Practices that meet this principle
Architects are embedded within or regularly attend delivery team ceremonies
Architecture decisions are discussed openly with engineers, testers, and other disciplines before being finalised
Lightweight architecture reviews or walkthroughs are conducted collaboratively with the team
Stakeholders and domain experts are actively involved in shaping architectural direction
Shared documentation or decision records are co-authored with delivery teams
Validation
A project meets this principle when:
Architects actively participate in delivery team activities rather than operating in isolation
Architecture decisions reflect input from multiple disciplines and stakeholders
OR:
Team members can articulate the architectural direction and the reasoning behind key decisions
Scoring Guide
Score −1 — Disagreement / Rejected: The team acknowledges this principle is applicable but has explicitly decided not to follow it for this product. A rationale and decision record exist explaining why collaborative architecture is not adopted.
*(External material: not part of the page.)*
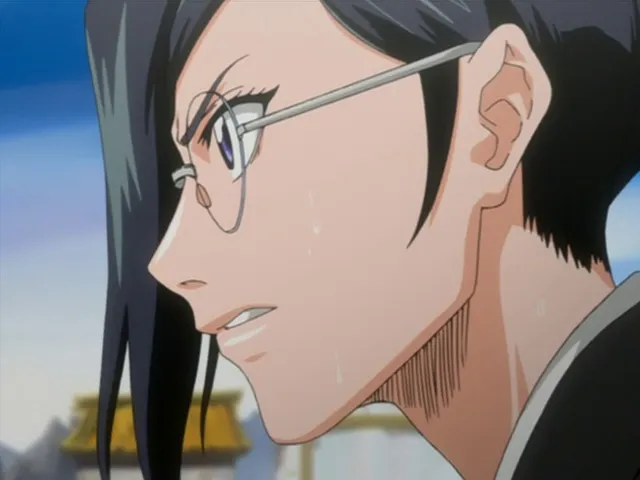 Capture 23 — Épisode 55 : La Révélation de Byakuya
Score 0 — Not doing: Architects work in isolation. Decisions are handed down without team input. No collaborative sessions or shared documentation. Team members cannot explain the architectural direction.
Score 1 — Planned: The team has committed work to adopt collaborative architecture practices. An owner and target date exist for embedding architects in delivery and establishing collaborative decision-making. The plan is tracked.
Score 2 — Adopted for new work: Architects are embedded in or regularly attend delivery ceremonies for all new work. Decisions are discussed openly with engineers, testers, and stakeholders before being finalised. Decision records show contributions from multiple disciplines. Any exceptions are explicit and reviewed.
Score 3 — Enforced for new work + migration plan: Collaborative architecture is systematically enforced for all new work through process or tooling (e.g. mandatory collaborative reviews, co-authored templates). A tracked migration plan exists to extend collaborative practices to legacy and in-flight work.
Score 4 — Fully adhered: Collaborative architecture is the norm across all work. Lightweight reviews and workshops are conducted routinely with the full team. Shared documentation is co-authored. Team members across disciplines can articulate architectural direction and reasoning behind key decisions. Remaining gaps are minimal, known, and time-bound.